(WORK REQUIRED) Could you retype the records word for word but without any pictures?

[Records from a data collection]
══════

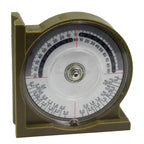 Magnetic Angle Locator Slope Protractor Inclinometer Slope Locator Level Meter Clinometer Survey Portable Measuring Gauge Tool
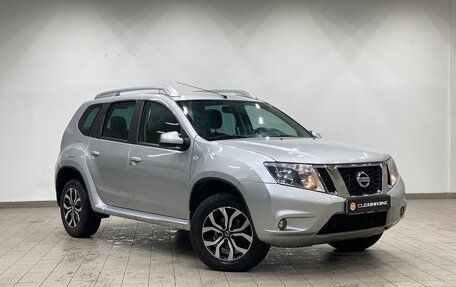 Nissan Terrano III, 2015 год, 1 245 000 рублей, 3 фотография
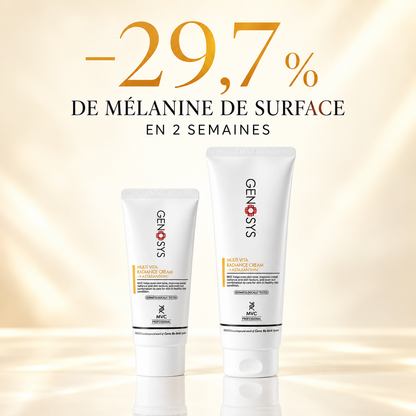 Crème MVC (Multi Vita Radiance Cream)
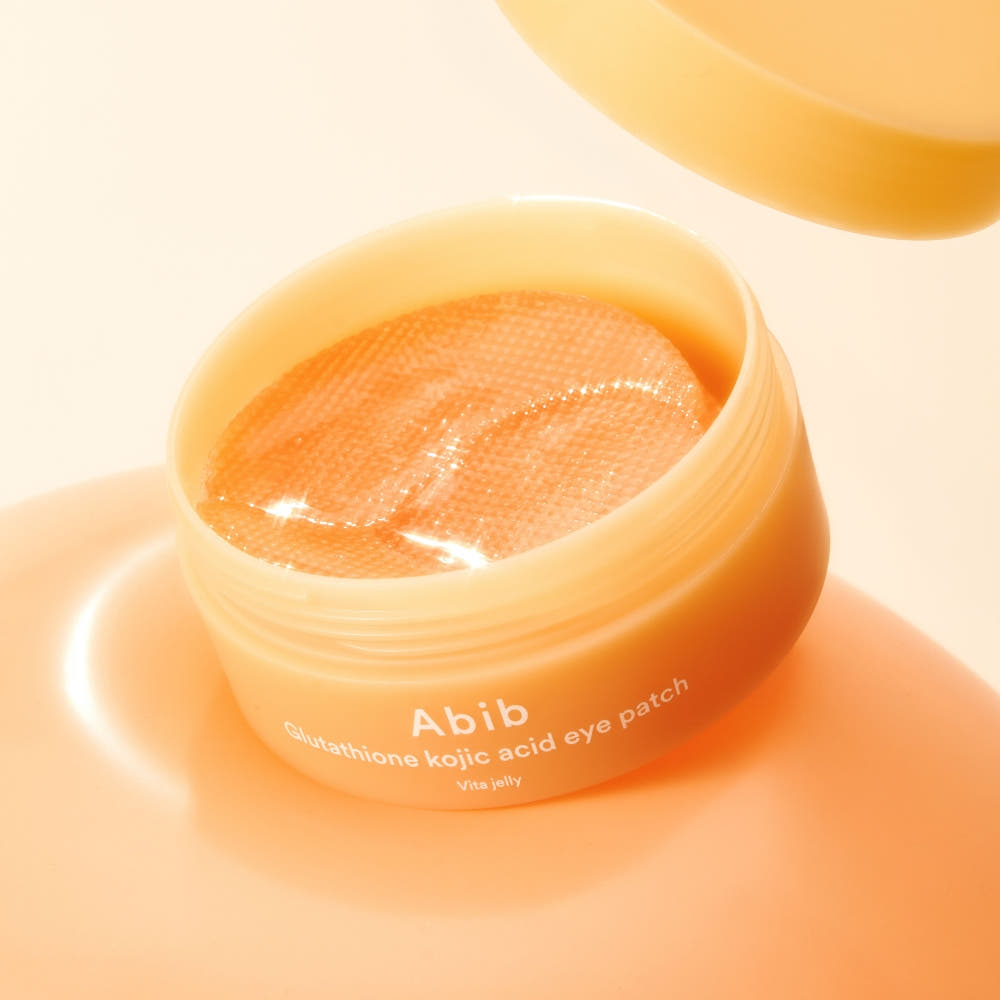 ABIB Collagen Eye Patch Glutathione Kozic Acid Vita Jelly 60 Patch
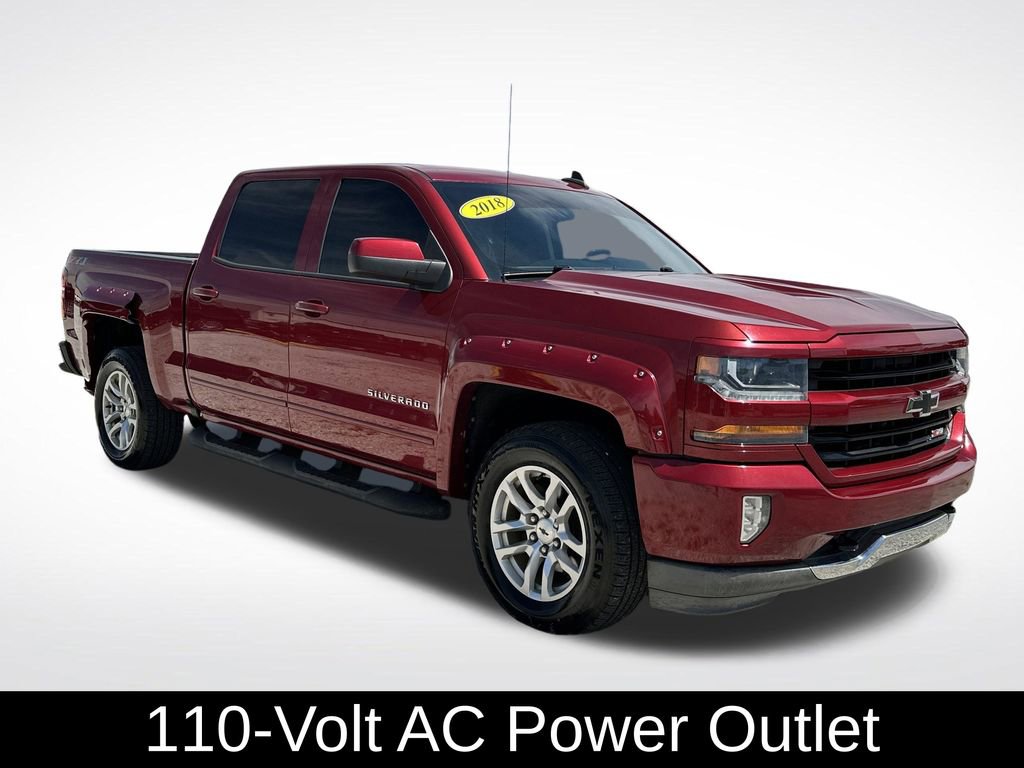 Used 2018 Chevrolet Silverado 1500 LT w/ All Star Edition image 10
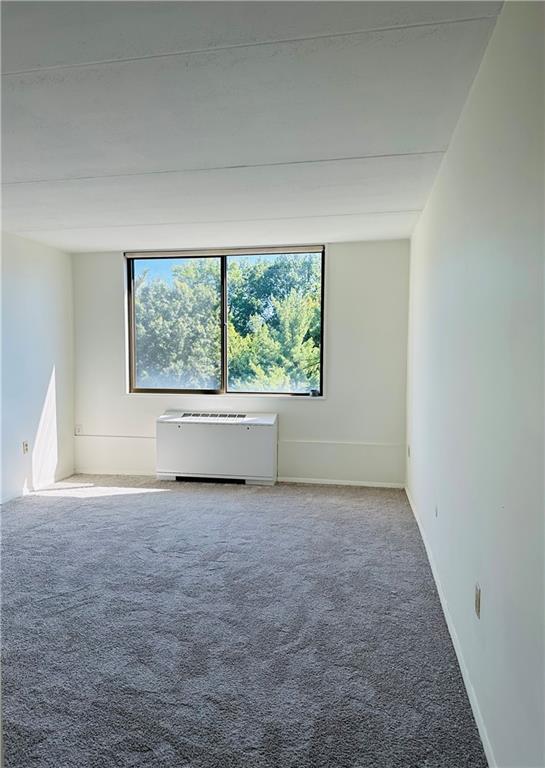 1150 Bower Hill Road, Unit 718B Mt. Lebanon, PA 15243 - Photo 17 of 21 an empty room with windows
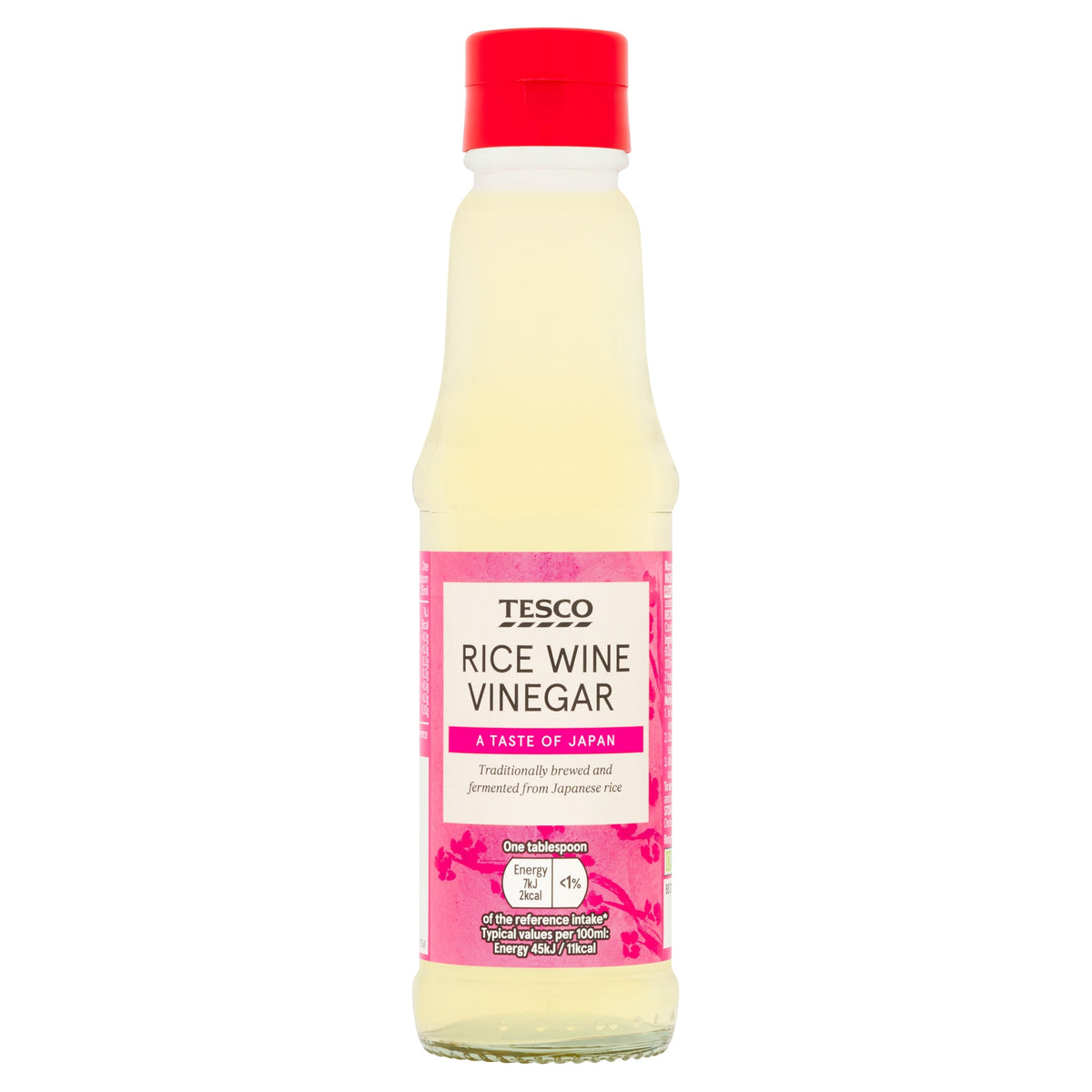 Tesco Rice Wine Vinegar 150ml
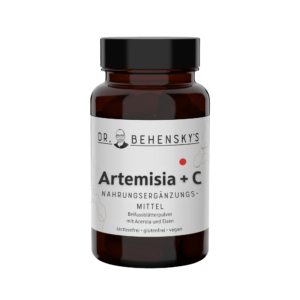 Artemisia + C  Kapseln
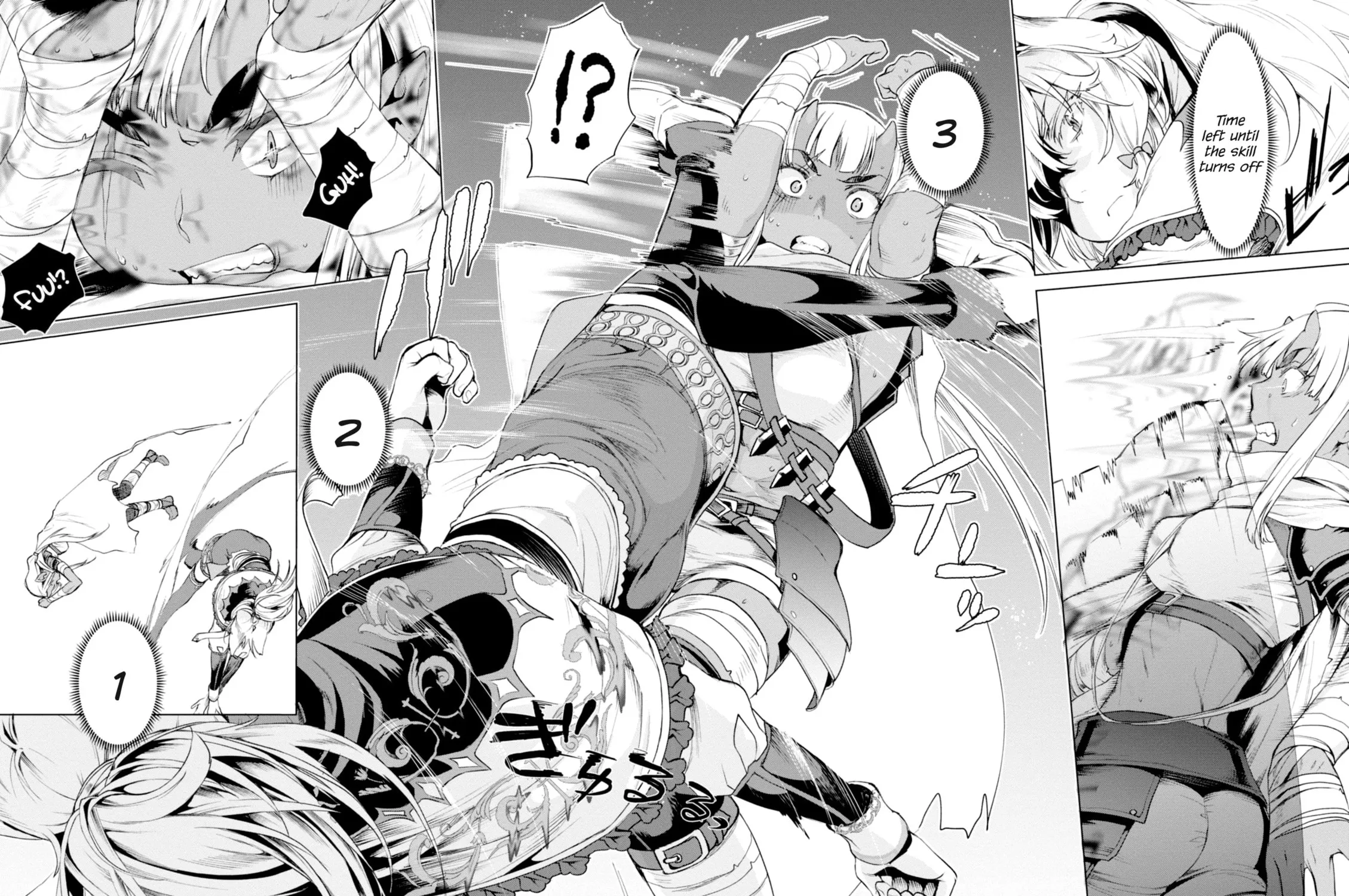 Isekai de Skill o Kaitai Shitara Cheat na Yome ga Zōshoku Shimashita Gainen Kōsa no Structure Chapter 13 page 27 - 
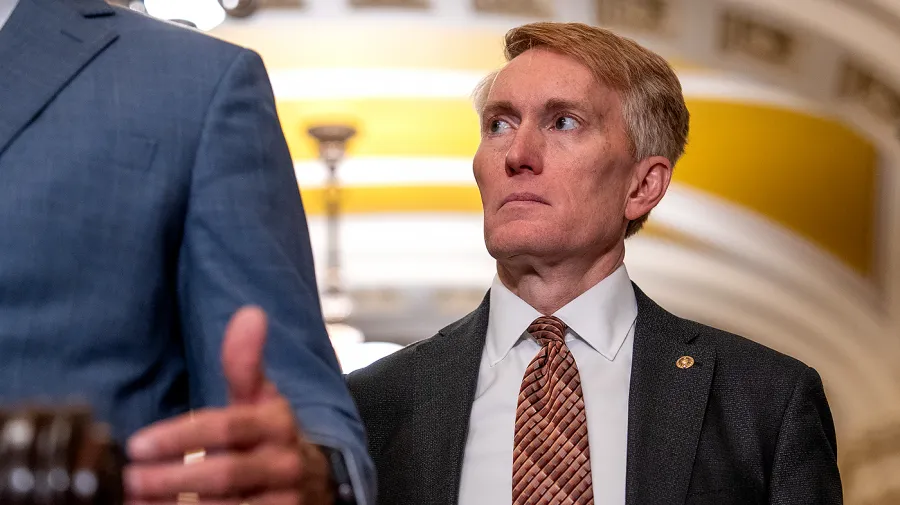Lankford: Senato Tatile Girmeden Öncelikli Yasalari Geçirmezsek Devam Ederiz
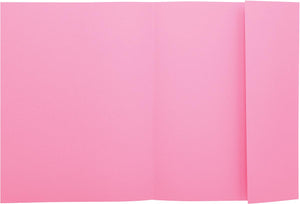 Exacompta -  dossiermap Super 210, pak van 50 stuks, roze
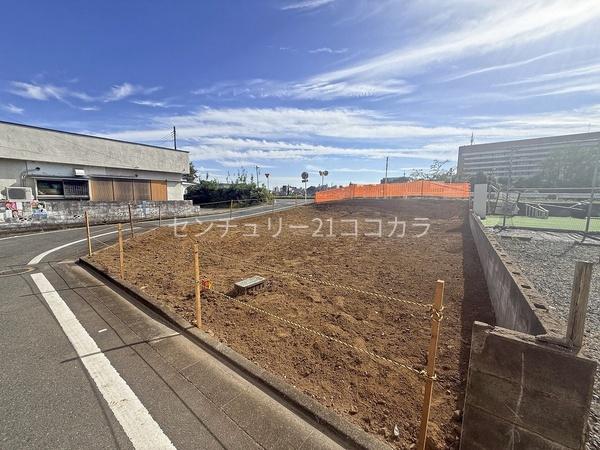 八王子市中野上町4丁目　新築一戸建て・全1棟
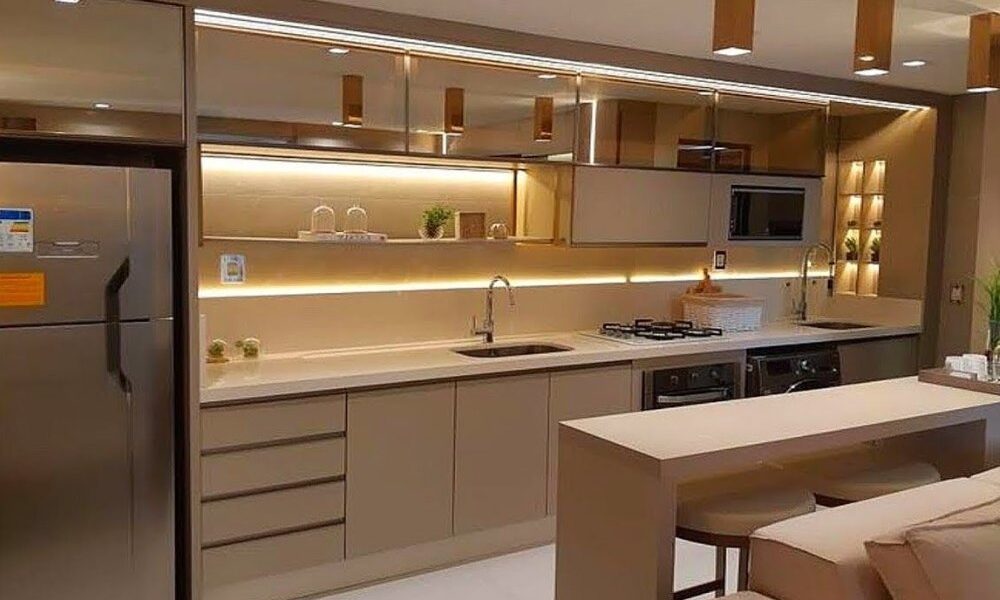 10 Common Types of Kitchen Cabinets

══════

(OUTPUT OF THE TASK)
 Magnetic Angle Locator Slope Protractor Inclinometer Slope Locator Level Meter Clinometer Survey Portable Measuring Gauge Tool
 Nissan Terrano III, 2015 год, 1 245 000 рублей, 3 фотография
 Crème MVC (Multi Vita Radiance Cream)
 ABIB Collagen Eye Patch Glutathione Kozic Acid Vita Jelly 60 Patch
 Used 2018 Chevrolet Silverado 1500 LT w/ All Star Edition image 10
 1150 Bower Hill Road, Unit 718B Mt. Lebanon, PA 15243 - Photo 17 of 21 an empty room with windows
 Tesco Rice Wine Vinegar 150ml
 Artemisia + C  Kapseln
 Isekai de Skill o Kaitai Shitara Cheat na Yome ga Zōshoku Shimashita Gainen Kōsa no Structure Chapter 13 page 27 - 
Lankford: Senato Tatile Girmeden Öncelikli Yasalari Geçirmezsek Devam Ederiz
 Exacompta -  dossiermap Super 210, pak van 50 stuks, roze
 八王子市中野上町4丁目　新築一戸建て・全1棟
 10 Common Types of Kitchen Cabinets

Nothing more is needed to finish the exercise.